Wenn wir diese Menschen deklassieren sind wir nicht besser als sie.
Deklassierung und Stigmatisierung hatten wir doch schonmal...


----------



## fac3l3ss (2. Januar 2012)

*AW: Anonymous veröffentlicht Enthüllungsportal gegen Rechte*



Hansvonwurst schrieb:


> Trotzdem...
> Wenn wir diese Menschen deklassieren sind wir nicht besser als sie.


 Sehe ich auch so.
(Ich schreibe das in dem Thread schon zum zweiten Mal...)


MfG
fac3l3ss


----------



## lunar19 (2. Januar 2012)

*AW: Anonymous veröffentlicht Enthüllungsportal gegen Rechte*



> Wenn wir diese Menschen deklassieren sind wir nicht besser als sie.



Das ist richtig, aber ohne irgendeine Art der Darstellung wird es wohl nicht sehr wirksam, oder?! So ist es auf jeden Fall wirksam...


----------



## Adam West (2. Januar 2012)

*AW: Anonymous veröffentlicht Enthüllungsportal gegen Rechte*



lunar19 schrieb:


> Das ist richtig, aber ohne irgendeine Art der Darstellung wird es wohl nicht sehr wirksam, oder?! So ist es auf jeden Fall wirksam...


 
*Was *wird wirksam?

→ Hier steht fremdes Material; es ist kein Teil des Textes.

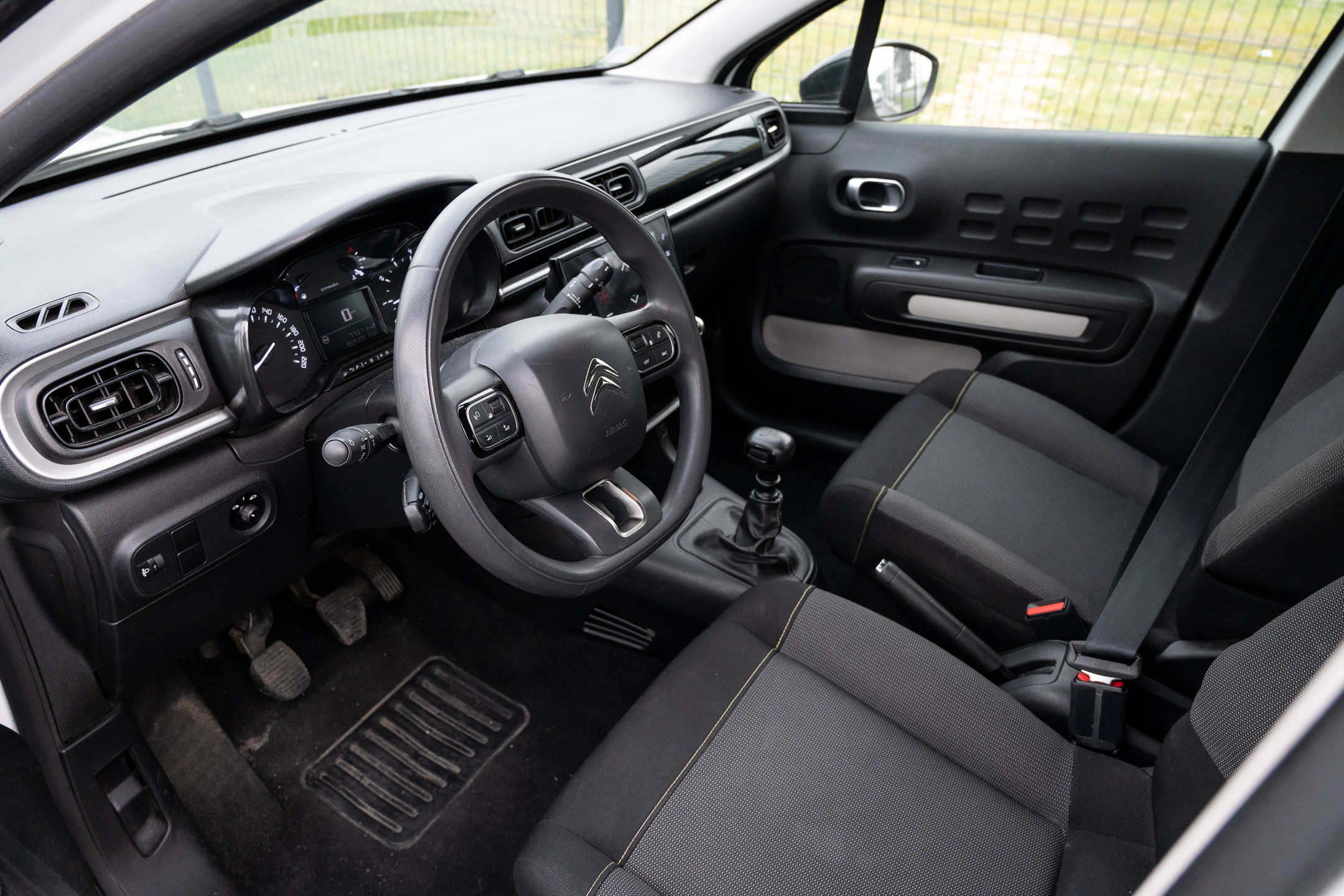 Citroën C3 HDI occasion Lot-et-garonne – Image 2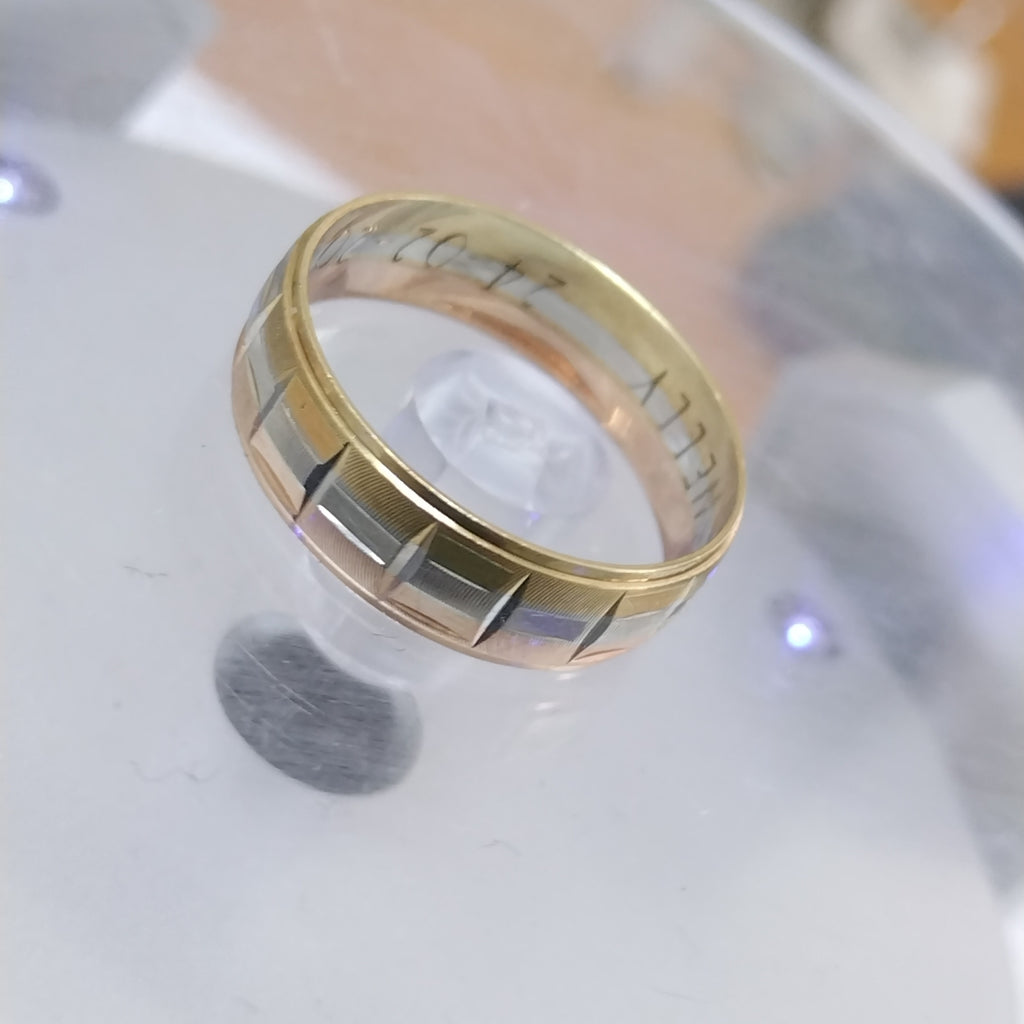 ARGOLLA ORO 10 K 2,00 GRMS (SEMINUEVO)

Solange es nicht gegen das Gesetz verstößt, dürfen die Menschen unterstützen was sie wollen. Wenn sie aufgrund ihrer Überzeugungen von der Gesellschaft deklassiert werden, sind die anderen, welche die "Rechten" nicht leiden können, keinen Deut besser, denn sie diskriminieren eine Minderheit, die eine andere Meinung hat als der Rest der Bevölkerung!


----------



## Hansvonwurst (2. Januar 2012)

*AW: Anonymous veröffentlicht Enthüllungsportal gegen Rechte*

Jetzt mal eine gaaanz abwegige Idee:
Wir könnten doch mal versuchen mit ihnen zu reden und sie durch Argumente überzeugen, wenn sie ihre Thesen verbreiten.
Das wäre doch sicher auch wirksam!


----------



## fac3l3ss (2. Januar 2012)

*AW: Anonymous veröffentlicht Enthüllungsportal gegen Rechte*



Hansvonwurst schrieb:


> Jetzt mal eine gaaanz abwegige Idee:
> Wir könnten doch mal versuchen mit ihnen zu reden und sie durch Argumente überzeugen, wenn sie ihre Thesen verbreiten.
> Das wäre doch sicher auch wirksam!


 Das sehe schonwieder so 


MfG
fac3l3ss


----------



## lunar19 (2. Januar 2012)

*AW: Anonymous veröffentlicht Enthüllungsportal gegen Rechte*



> *Was *wird  wirksam? Solange es nicht gegen das Gesetz verstößt, dürfen die  Menschen unterstützen was sie wollen. Wenn sie aufgrund ihrer  Überzeigungen von der Gesellschaft deklassiert werden, sind die anderen,  welche die "Rechten" nicht leiden können, keienn Deut besser, denn sie  diskriminieren eine Minderheit, die eine andere Meinung hat als der Rest  der Bevölkerung!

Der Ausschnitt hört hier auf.